View Source Google Cloud Speech gRPC API client

Hex.pm

Elixir client for Google Speech-to-Text V2 streaming API using gRPC

Installation

The package can be installed by adding :ex_google_stt to your list of dependencies in mix.exs:

def deps do
  [
    {:ex_google_stt, "~> 0.5.1"}
  ]
end

Configuration

This library uses Goth to obtain authentication tokens. It requires Google Cloud credendials to be configured. See Goth's README for details.

Using Google's V2 API requires that you set a recognizer to use for your requests (see here).
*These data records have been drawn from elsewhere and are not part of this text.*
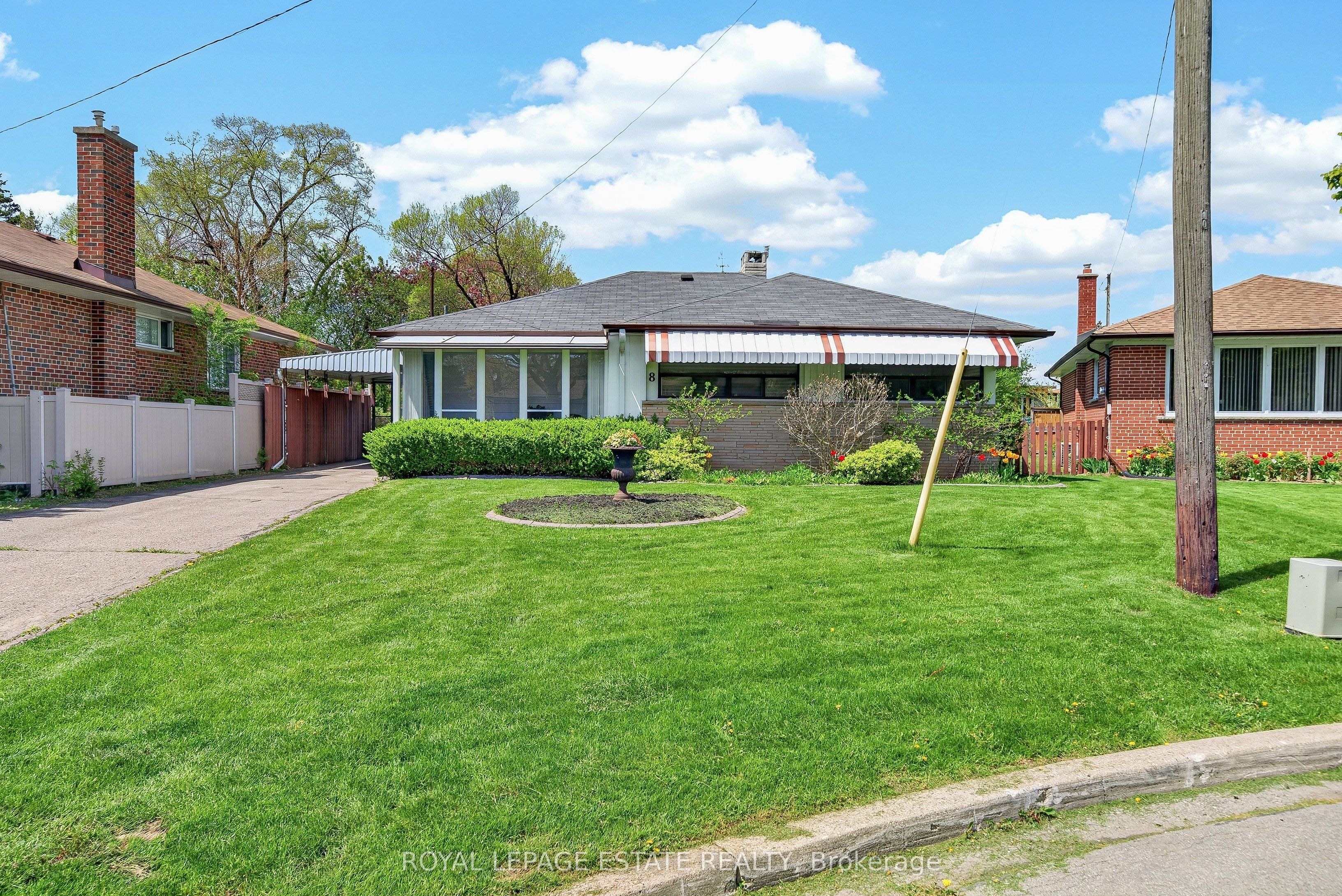 8 Wallbridge Court, Toronto, ON M2R 1W1 photo 2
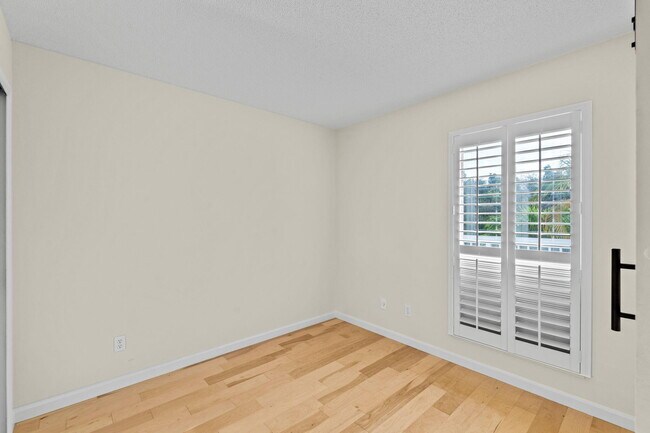 Building Photo - 286 Cypress Point Dr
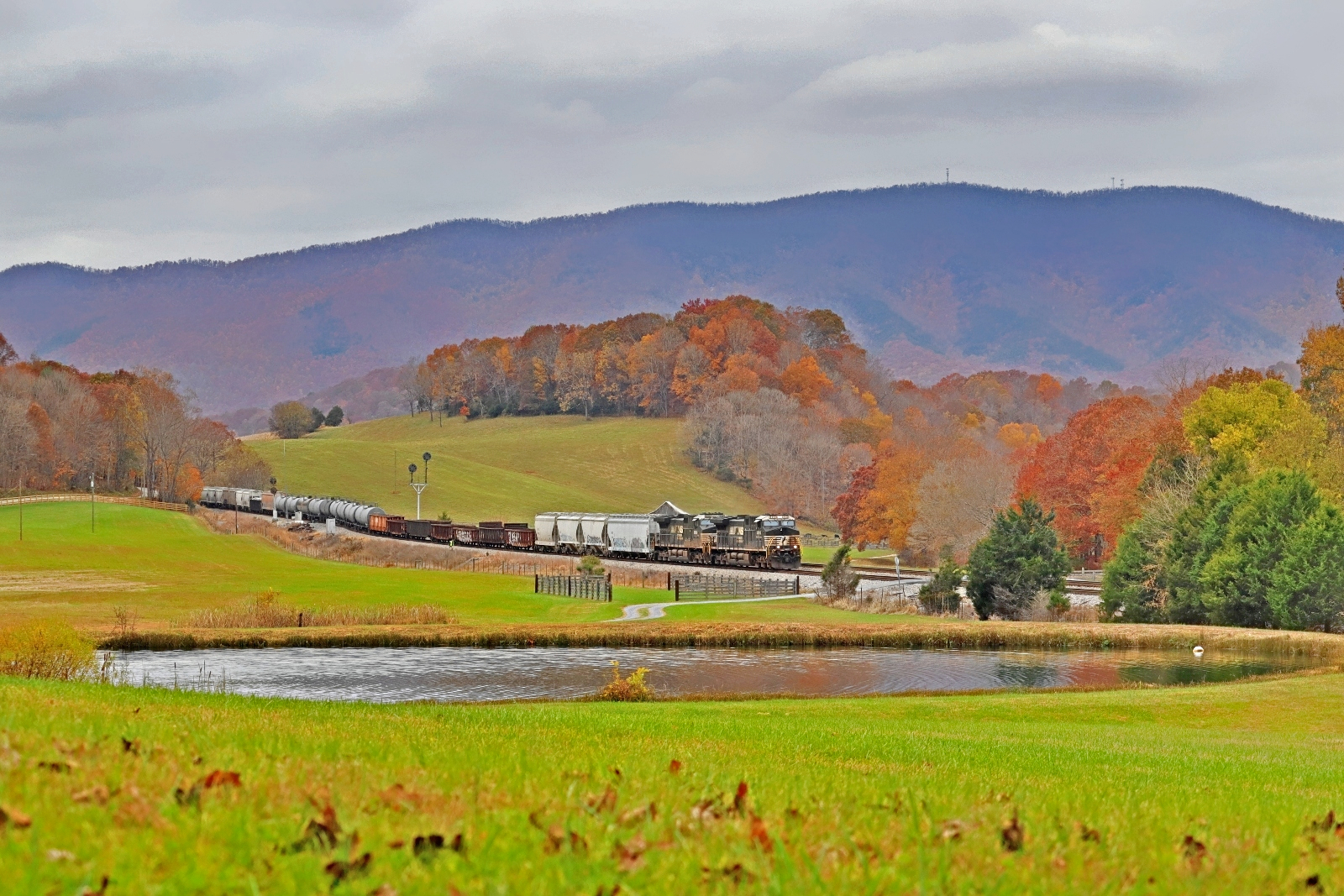 NS 4490 is a class GE AC44C6M and  is pictured in Arcadia, VA, United States.  This was taken along the NS Hagerstown District/line on the Norfolk Southern. Photo Copyright: Robby Lefkowitz uploaded to Railroad Gallery on 11/12/2022. This photograph of NS 4490 was taken on Saturday, October 29, 2022. All Rights Reserved.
It is a string like the following:

projects/{project}/locations/{location}/recognizers/{recognizer}

You can either set this in the config or send it as a configuration when starting the TranscriptionServer.

In the config:

config :ex_google_stt, recognizer: "projects/{project}/locations/{location}/recognizers/_"

Usage

Introduction

The library is designed to abstract most of the GRPC logic, so I'll provide the most basic use of it here.
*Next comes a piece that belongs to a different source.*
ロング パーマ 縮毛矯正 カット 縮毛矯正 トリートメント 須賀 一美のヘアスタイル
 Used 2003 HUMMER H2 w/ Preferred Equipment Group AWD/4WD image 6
  • In summary, we use a TranscriptionServer than handles the GRPC streams to Google.
  • That TranscriptionServer is responsible for monitoring/opening the streams and to parse the responses.
  • Send audio data (as binary) using TranscriptionServer.process_audio(server_pid, audio_data)
  • The TranscriptionServer will then send the responses to the target pid, set when creating the server.
  • The caller should define a handle_info that will receive the transcripts and handle eventual errors.

Initial Configurations

When starting the TranscriptionServer, you can define a few configs:

- target - a pid to send the results to, defaults to self()
- language_codes - a list of language codes to use for recognition, defaults to ["en-US"]
- enable_automatic_punctuation - a boolean to enable automatic punctuation, defaults to true
- interim_results - a boolean to enable interim results, defaults to false
- recognizer - a string representing the recognizer to use, defaults to use the recognizer from the config
- model - a string representing the model to use, defaults to "latest_long". Be careful, changing to 'short' may have unintended consequences
- explicit_decoding_config - a struct with audio decoding parameters

Note that apart from the interim_results these configurations are better off set-up in the reconizer directly, so that you can control it without deploying any code.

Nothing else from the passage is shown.